When the telephone rings even before the furniture store opens, it means business is so great that customers can't wait to place their orders, right?
Wrong. It means another person wanted the Motor Vehicle Administration, but rang up the Oak Barn.
"We'll get anywhere from 15 to 20 MVA calls a day," says Craig Wynne, owner of the store on Dorsey Road in Hanover.
The store number, 768-7100, is only one digit different from the MVA's recorded information line, 768-7000.
Mr. Wynne and his sales workers routinely hear tales of woe about new titles, lost tags and license renewals from motorists desperate to tell their plight to anyone who will listen.

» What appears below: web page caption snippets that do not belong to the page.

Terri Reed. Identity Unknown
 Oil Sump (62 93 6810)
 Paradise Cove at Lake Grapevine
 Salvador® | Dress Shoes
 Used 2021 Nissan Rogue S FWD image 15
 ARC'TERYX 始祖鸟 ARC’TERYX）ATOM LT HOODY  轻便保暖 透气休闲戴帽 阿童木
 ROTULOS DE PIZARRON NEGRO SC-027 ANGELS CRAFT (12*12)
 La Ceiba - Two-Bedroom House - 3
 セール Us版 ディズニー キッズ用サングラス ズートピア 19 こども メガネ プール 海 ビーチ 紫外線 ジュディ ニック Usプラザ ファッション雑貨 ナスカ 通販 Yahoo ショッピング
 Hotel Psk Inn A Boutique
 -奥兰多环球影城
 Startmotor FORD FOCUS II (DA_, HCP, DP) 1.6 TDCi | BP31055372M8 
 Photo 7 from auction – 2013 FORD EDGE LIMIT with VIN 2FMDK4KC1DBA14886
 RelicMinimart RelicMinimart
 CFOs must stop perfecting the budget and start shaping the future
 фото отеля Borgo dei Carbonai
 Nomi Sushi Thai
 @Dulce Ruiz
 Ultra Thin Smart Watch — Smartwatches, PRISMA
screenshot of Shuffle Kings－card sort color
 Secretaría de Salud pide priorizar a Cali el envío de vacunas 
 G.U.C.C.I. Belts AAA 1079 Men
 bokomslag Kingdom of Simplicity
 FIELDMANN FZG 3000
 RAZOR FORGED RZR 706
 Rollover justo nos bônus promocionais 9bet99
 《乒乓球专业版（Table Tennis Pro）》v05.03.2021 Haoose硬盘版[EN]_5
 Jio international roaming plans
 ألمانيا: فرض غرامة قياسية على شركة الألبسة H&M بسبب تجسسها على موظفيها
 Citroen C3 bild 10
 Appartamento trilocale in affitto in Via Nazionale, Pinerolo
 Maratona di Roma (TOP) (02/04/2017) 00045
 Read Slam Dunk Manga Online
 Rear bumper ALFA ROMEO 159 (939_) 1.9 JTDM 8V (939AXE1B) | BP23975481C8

"They've been talking to a computer, and we'll tell them, no, we're a furniture store. But they just keep on going, telling us their problems," Mr. Wynne says.
The furniture store doesn't give tags and title advice. It gives the MVA telephone number.
Saleswoman Norene Leonard says that she gets calls from people who have dialed 768-7100 in hopes that it is an inside MVA line and who do not want to be referred to the main line.
"They say, 'Can you refer me to someone there?' -- like we have a connection," Ms. Leonard said. "People call back. They ask, 'Do you have another number?' "
MVA does have another number, 950-1682. Callers are likely to get a recording telling them to hold the line for one of the 60 customer service representatives.
The furniture store also takes a few calls for Wilkins Buick-Isuzu, 768-1700, as well as the occasional call for For Eyes Optical Co., 768-6100, both in Glen Burnie.
The auto dealership gets about 10 calls a day for the MVA, generally clustered between 8:30 and 9 a.m., receptionist Tyrice Mitchell said.
The two MVA lines field about 11,000 calls a day, MVA spokesman Jim Lang said. Because a recording answers 7000, there's no way of telling if any callers were seeking information about furniture.